# Burgenweg Darmstadt - Heidelberg



## alex75 (18. Mai 2004)

Hallo Leute.

Ich habe mir in den Kopf gesetzt demnächst einmal den Burgenweg von Darmstadt nach Heidleberg zu fahren. Das sind ca. 85 km und sollen 3500 hm   sein.

Hat das einer von euch schon einmal gemacht und kann mir Tipps dazu geben; besonders die Höhenmeter scheinen mir ein bißchen hoch...


Gruss Alex


----------



## Andreas (19. Mai 2004)

Hi Alex,

ich bin Teile der ersten Haelfte schon oefters mal gefahren und denke wenn der Burgenweg so weiter nach Heidelberg fuehrt kommt das mit den 3500 Hoehenmetern schon hin.
Der Burgenweg klappert alle Burgen an der Bergstrasse ab und fuehrt sehr oft wieder zurueck in die Ortschaften, die auf der Rheinebene (100 hm) liegen.  Dann geht es jeweils wieder bis zu 400 hm hinauf. 

Mich reitzt der B-Weg auch, aber es ist die Frage ob das in einem Tag zu schaffen ist.
Notfalls gibt es ja eine Zugverbindung die parallel verlaeuft und genug Einsteigsmoeglichkeiten bietet


----------



## MTB-News.de




----------



## Dunkin (19. Mai 2004)

Nette Idee ... schreib mir mal ne PM wenn es soweit ist ... wenn es sich in meinen engen Terminkalender einplanen läßt und meine Kondition hoffentlich bald wieder besser ist fahre ich mit ..... 

Die 3500 Hm können schon hinkommen. Ich bin den B-Weg hier in der Ecke von Heppenheim gefahren und kam schon auf den knapp 8 Km auf über 400 HM. Aber schee war's 

Bis denne
Michael


----------



## Avo (19. Mai 2004)

Hi,
die Tour würde mich auch interressieren.
Hat jemand von Euch ne Karte wo der Verlauf zu sehen ist?

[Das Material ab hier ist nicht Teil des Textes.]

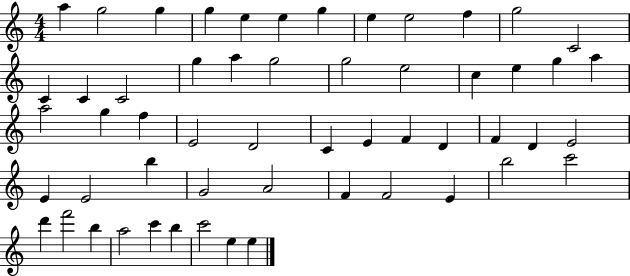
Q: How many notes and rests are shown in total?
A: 55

Sagt einfach mal bescheid wanns soweit sein soll!



ciao Avo


----------



## alex75 (19. Mai 2004)

Avo schrieb:
			
		

> Hi,
> die Tour würde mich auch interressieren.
> Hat jemand von Euch ne Karte wo der Verlauf zu sehen ist?
> 
> ...


----------



## wittstadt (22. Mai 2004)

Servus Jungs,

gebt mir mal bescheid, wenn ihr fahren wollt. Falls ich Zeit habe komme ich gerne mit...

Gruß


----------



## popeye13 (24. Mai 2004)

Hallo,
die besten Karten für den Burgenweg findet ihr hier:

http://www.geo-naturpark.de/Infomaterial/Wanderkarten/wanderkarten.html

Der Burgenweg ist hier als blaues B gekennzeichnet.

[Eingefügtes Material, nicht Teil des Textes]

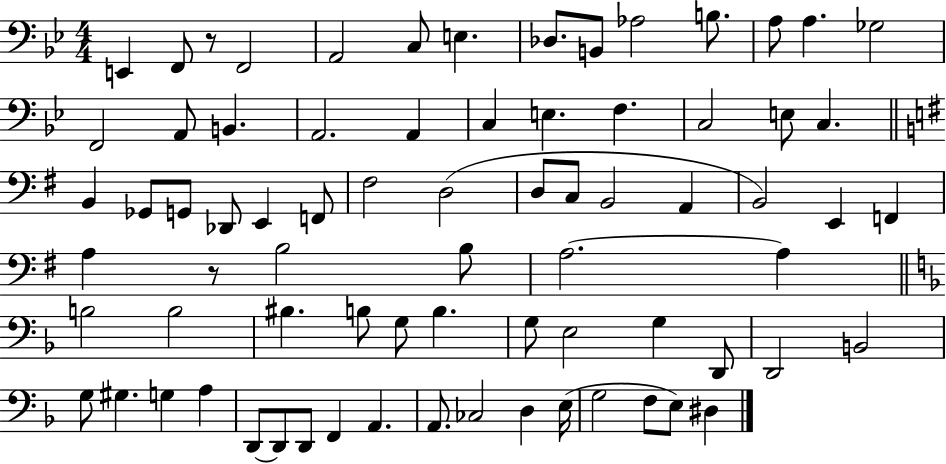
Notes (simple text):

Allerdings würde ich den so nicht fahren, der führt doch oft unnötigerweise zurück in die Ortschaften, mit Ortskenntnis/Kartenstudium kann man das mehrmals umgehen.

Gruß


----------



## Andreas (25. Mai 2004)

Ja, das fand ich auch nervig. Eine Route ohne Ortschaften waere schoener. Vom Frankenstein bis zum Auerbacher Schloss habe ich ein paar Wandertrails eingebaut.
Weiter bin ich noch nie gefahren. 

Ich habe dieses Jahr vor erst mal den E1 von Ober Ramstadt nach Heidelberg
zu fahren oder den Weg mit Markierung roter Balken. Alle Routen verlaufen parallel zum Burgenweg.


----------



## kathoz (29. Mai 2004)

morgen jungs

hätte wenn es zeitlich passen würde auch interesse mit zu fahren.
sagt bescheid wenn was geht.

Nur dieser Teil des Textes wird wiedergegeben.